Leaving the pictures aside, return the listing exactly as it appears.
═══ ENTRIES PROVIDED
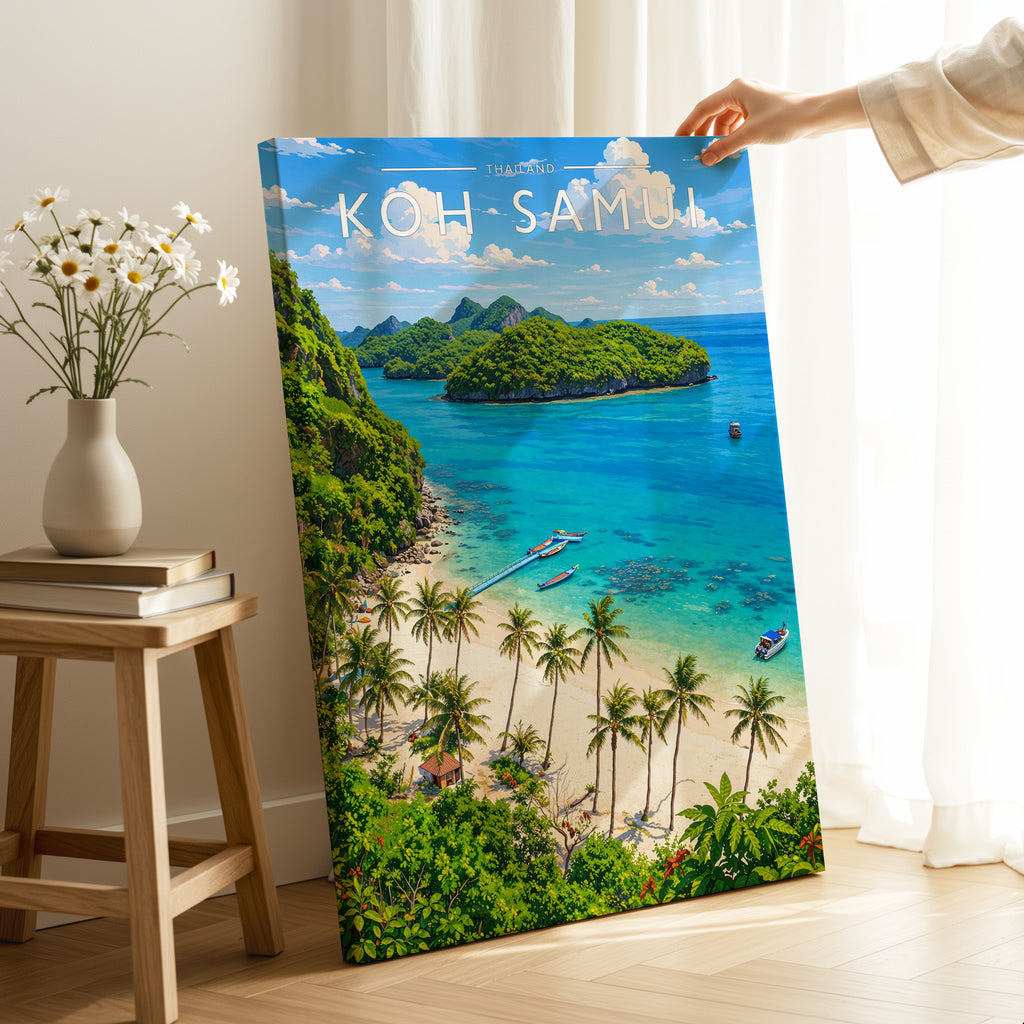 Koh Samui Travel Poster as a gallery-wrapped canvas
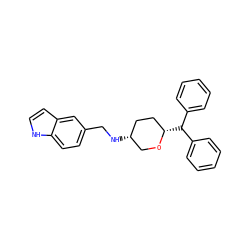 c1ccc(C(c2ccccc2)[C@H]2CC[C@@H](NCc3ccc4[nH]ccc4c3)CO2)cc1 ZINC000035953042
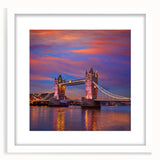 Textured art of Tower Bridge in muted gray and blue tones on a framed poster, ideal for bedroom wall decor.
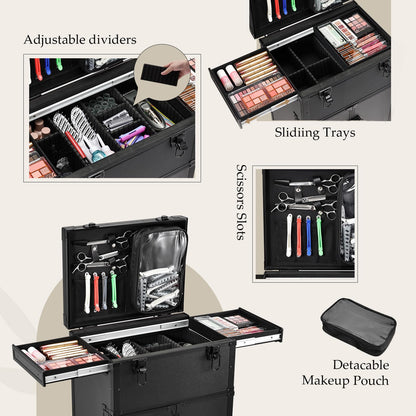 Joligrace Professional Rolling Makeup Case - 4-Drawer Pro Makeup Artist Train Case with 6 Wheels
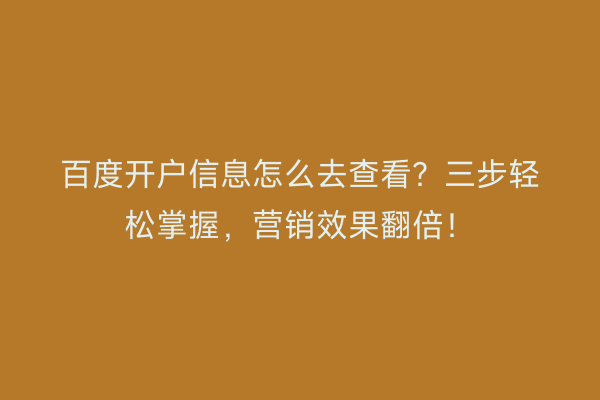 百度开户信息怎么去查看？三步轻松掌握，营销效果翻倍！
══════
THE COMPLETED TASK —
 Koh Samui Travel Poster as a gallery-wrapped canvas
 c1ccc(C(c2ccccc2)[C@H]2CC[C@@H](NCc3ccc4[nH]ccc4c3)CO2)cc1 ZINC000035953042
 Textured art of Tower Bridge in muted gray and blue tones on a framed poster, ideal for bedroom wall decor.
 Joligrace Professional Rolling Makeup Case - 4-Drawer Pro Makeup Artist Train Case with 6 Wheels
 百度开户信息怎么去查看？三步轻松掌握，营销效果翻倍！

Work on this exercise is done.